Not all is well with the film and with the narrative structure. A third of the screen time, the viewer is offered to follow the storyline of Victor’s friend and business partner (Daniil Vorobyov), who cannot choose between his wife (Evgenia Khrapovitskaya, known from the Trigger TV series) and her mistress (Vera Shpak, the film High-rise Building). All this drama takes place outside the hospital, has nothing to do with the pandemic, and it is completely incomprehensible why we are shown this in such detail at all. And what’s even worse: gradually the intrigue with the love triangle becomes almost more interesting than what happens to the main character, because in the main storyline there are no intrigues, in general, there. There is nothing that makes the viewer tensely expect what will happen next.

The line with corruption and the alleged villainy of the head physician develops sluggishly and ends more or less in nothing. In the relationship between the hero and the sharp but pretty doctor played by Irina Gorbacheva (already playing a medical worker in Khlebnikov’s Arrhythmia), on the contrary, everything is very predictable. People are working, Victor is morally changing, but a coherent narrative does not add up very well. Sometimes the heroes face problems, but the viewer does not have time to realize their significance and worry, as they are immediately solved thanks to courage and ingenuity. Or they do not decide, and then we are briefly shown the sad face of Victor, who has learned a bitter lesson.

/START / Yellow, Black & White

The wonderful Irina Gorbacheva plays a naked character (strong, strong-willed, and the list goes on), because nothing was invented for her character except a naked character. Almost never taking off his medical mask, Andrey Karako (“Cop Wars”) plays naked professionalism as an epidemiologist, because in his character there is nothing but naked professionalism. The rest of the doctors are shown in the background, as if Victor had not even met them in two weeks of living together in a confined space.

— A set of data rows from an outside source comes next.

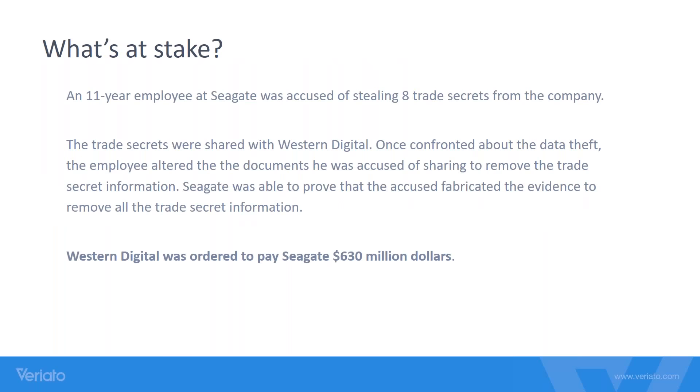Here's an example of how we help. An 11-year employee at Seagate was accused of stealing trade secrets that were shared with Western Digital. The employee was confronted about the theft and he actually altered documents and was accused of fabricating evidence to remove the trade secret information. Utilizing Variato, Seagate was able to prove the accused actually fabricated that evidence. Western Digital was ordered to pay Seagate $630 million.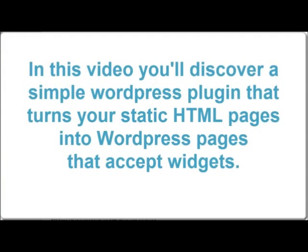Hey, what's up! In this video, you'll discover a simple WordPress plugin that turns your static HTML pages into WordPress pages that accept widgets.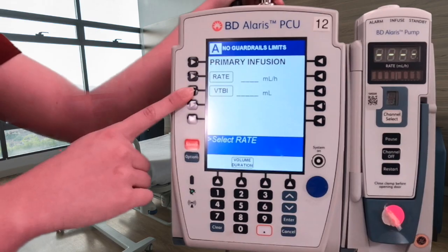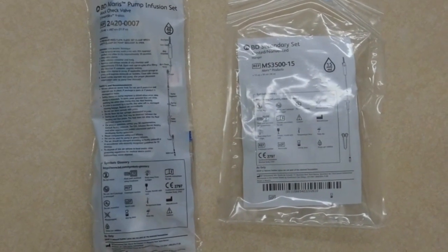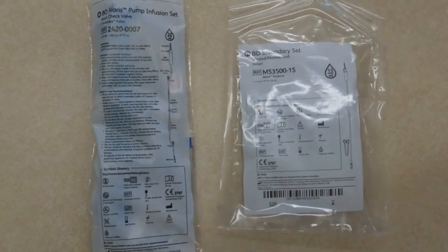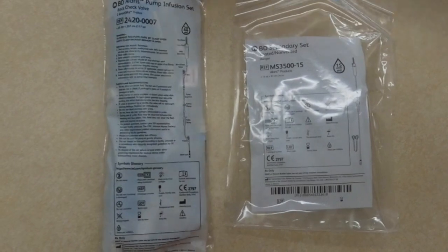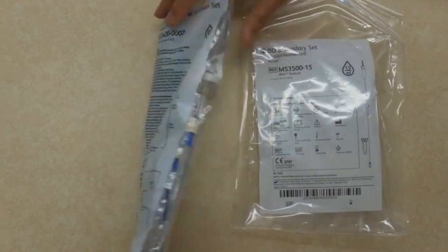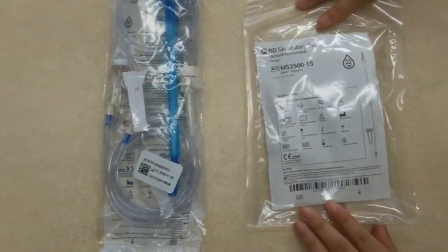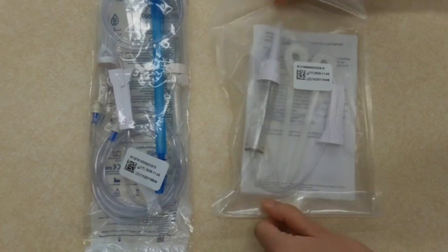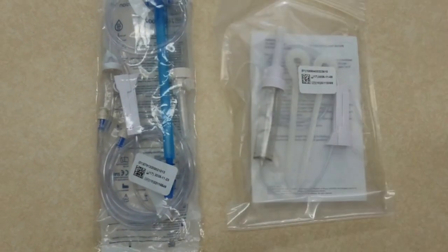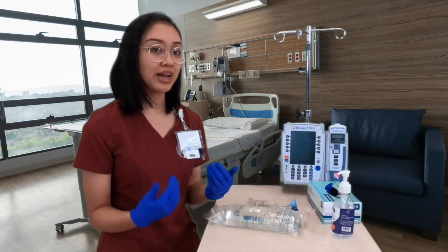To use the Alaris pump, you're going to need two things: first, the Alaris pump infusion set, and second, your secondary set. These are both things you'll be using today.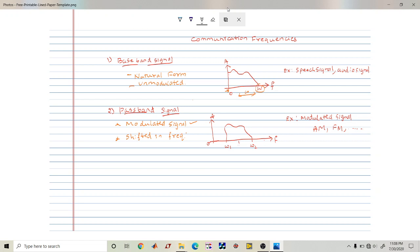That's why the passband signal has a frequency shift. Examples of passband signals are modulated signals such as AM modulated, FM modulated, or phase modulated signals. This is the basic distinction between baseband and passband signals.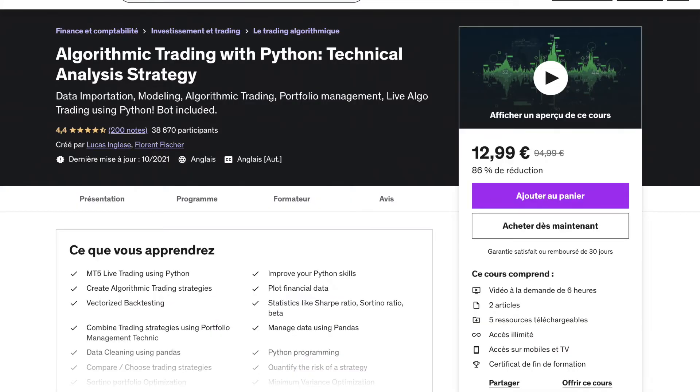If you want to learn more about that and how to do it in Python — from nothing to live trading using a technical indicator strategy — you can check 'Python for Algorithmic Trading: Technical Analysis Strategy'. You will find a discount coupon in the description.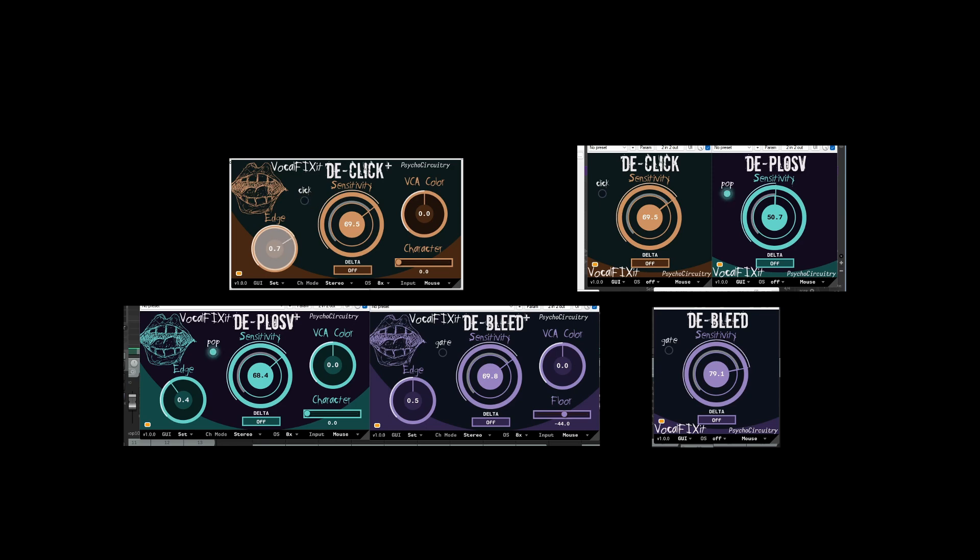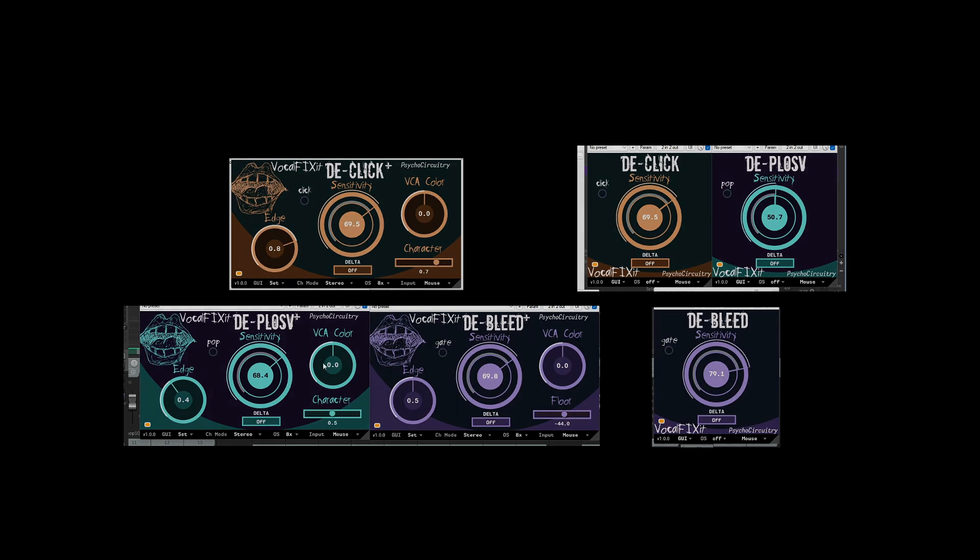So not like transparent with digital artifacts, but maybe a little more of a color, or sound, that breaks up, possibly more pleasantly, when pushed harder. And the Plus versions give you extra controls to really shape and accentuate this character. The vocal fix-it suite is available now.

“Breath” lacks a plot-dramatic core, but on the other hand, as is often the case in Russian spirit-uplifting cinema, the ideological core is clearly visible. We are all in the same boat, and no one will help us except ourselves. Therefore, we must organize ourselves and not be afraid to break the rules – this is how we will be saved from misfortunes.

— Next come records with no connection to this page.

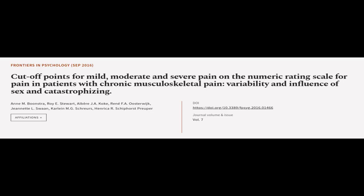This article was authored by N. M. Boonstra, Roy E. Stewart, Albrecht J. A. Koch and others.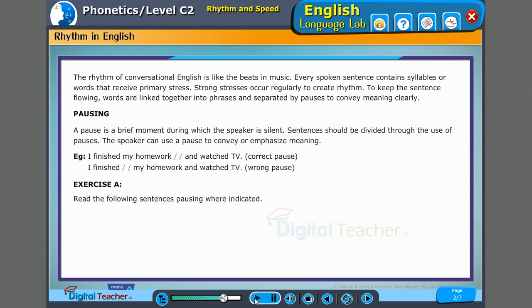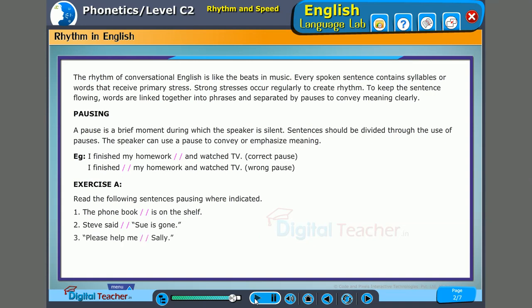Now let us read out these sentences with correct pauses. The phone book is on the shelf. Steve said, Sue is gone. Please help me, Sally. Mr. White, our neighbor is very nice.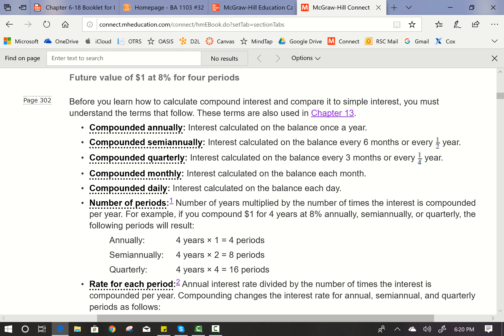Before we learn how to calculate compound interest and compare it to simple interest, you must understand the terms that follow. These terms are also used in Chapter 13 when calculating compounding annuities. Compounded annually means interest is calculated on the balance once a year. Compounded semi-annually means interest is calculated every six months, or twice a year. Compounded quarterly means interest is calculated every three months, or four times a year. Compounded monthly means it's compounded 12 times a year. Compounded daily means interest is calculated on the balance each day based on a 360-day year.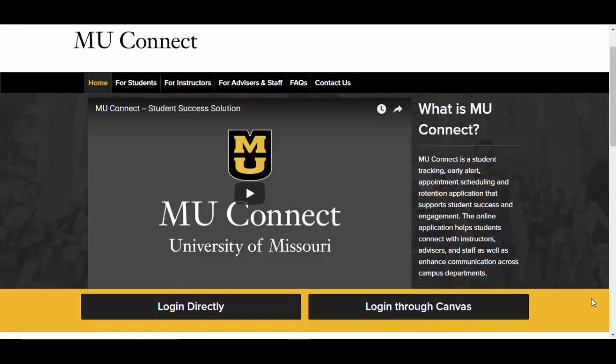Hello, welcome to MU-Connect. MU-Connect is an early alert communication tool that supports student success at the University of Missouri. It allows instructors to raise concerns, offer praise, or refer students to campus support resources, and will share instructors' comments with students via email.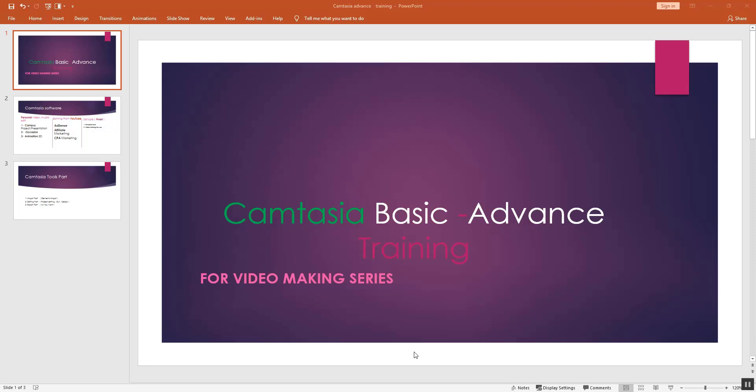Assalamualaikum, welcome everyone. I am going to present the Camtasia basic to advanced training series. We are going to cover Camtasia software editing in detail. I hope you will find this video series helpful for the future.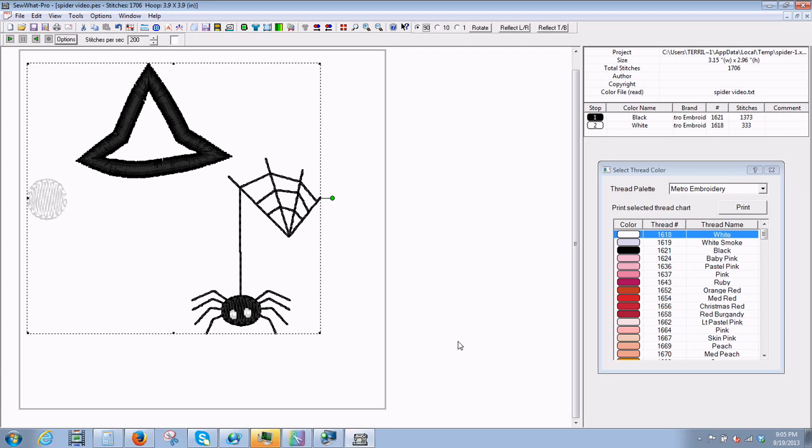I'm going to show you how to split a pattern. Sometimes you get a design and you don't need all the different elements of the design. You may just need part of it.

By this, “Breath” is a little like Soviet films, in which enterprising youth, in spite of cowardly bureaucrats, made life better and more fun (remember, for example, Ryazanov’s “Carnival Night”). But if the resource of this youth was pure Komsomol enthusiasm, in “Breathing” the main character’s money is the main resource. The excess of money allows Victor not only to buy all sorts of necessary things for the hospital, which then the character of Daniil Vorobyov secretly throws him over the hospital fence, but also to break the law without fear of punishment.

And if “Breath” was conceived as a story that our lives are in our hands, then perhaps it would be more logical to make the main character a person who would not have capital behind his back. But, apparently, the authors are well aware that it would be completely fantastic.